When I posted it to Flickr, there was only one thing to say about it: It is good to feel alive again.

And it is. But I still have plenty of difficult days. There were baptisms at church this past weekend, and one of the mothers sat in the pew in front of me with her pink, round baby boy, smiling and beaming. I certainly did not begrudge her her happiness, as I knew that if I were the one bringing a child to the font that day, I would probably wear the same unmistakably happy expression, beams of light emanating from every pore. But seeing it was like a knife twisting in the gut, a reminder of one thing and all the others I had hoped for but didn't get to enjoy with Ewan. Holding both -- being happy for the mother who enjoys this day, but sad for myself and what we have lost -- is good for pushing a person to what feels like the outer edges of her sanity.

I cried through the whole thing.

And I thought of all the other days and nights like this one where it hurt to breathe and to wake, where I curled up in a ball on the bed, crumpled piles of used tissue accumulating on the floor. I thought of the night in the rocking chair where it felt like I might die of this sadness. I was alive then, too.

I look at that picture me on the beach and I can't help but remember how good it felt to feel the sun on my back and the sand between my toes and the damp ocean wind in my hair -- how good it was to embrace that moment and be present in it. What I realized is that I had already been in the practice of doing that before: taking in the reality that was present, and accepting it for whatever it was, wherever it was on that spectrum between misery and bliss. There was no excusing or dismissing it, no trying to put it off for later.
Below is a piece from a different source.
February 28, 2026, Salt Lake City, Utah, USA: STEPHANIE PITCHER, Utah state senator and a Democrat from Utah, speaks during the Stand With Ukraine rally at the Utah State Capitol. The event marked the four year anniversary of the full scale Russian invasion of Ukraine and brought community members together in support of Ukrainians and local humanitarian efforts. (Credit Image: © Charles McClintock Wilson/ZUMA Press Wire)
Grief and loss come for us all in one form or another sooner or later. No a single one of us chooses it, but I honestly believe we can make a choice in how we respond. We can sweep it under the rug, pretend like it never happened, like it doesn't faze us in the least, hoping we can hold our breath and duck our heads underwater until the storm passes. Or we can stare it in the face, welcome it, embrace it, because this is also what it means to be fully alive, to be one who loves.

And even though it might not feel like it at times, it won't last forever. There will be a day again where a smile crosses the lips unforced, where laughter rises in the chest with ease -- moments like I had on that beach. I really believe that the soul grows in its capacity for joy when it has also plumbed the depths of sorrow -- and there is no substitute for that. When I see that picture of myself on the beach, I remember that moment, and I remember what I've been through -- and I am amazed. Not all that long ago, that moment would have seemed impossible.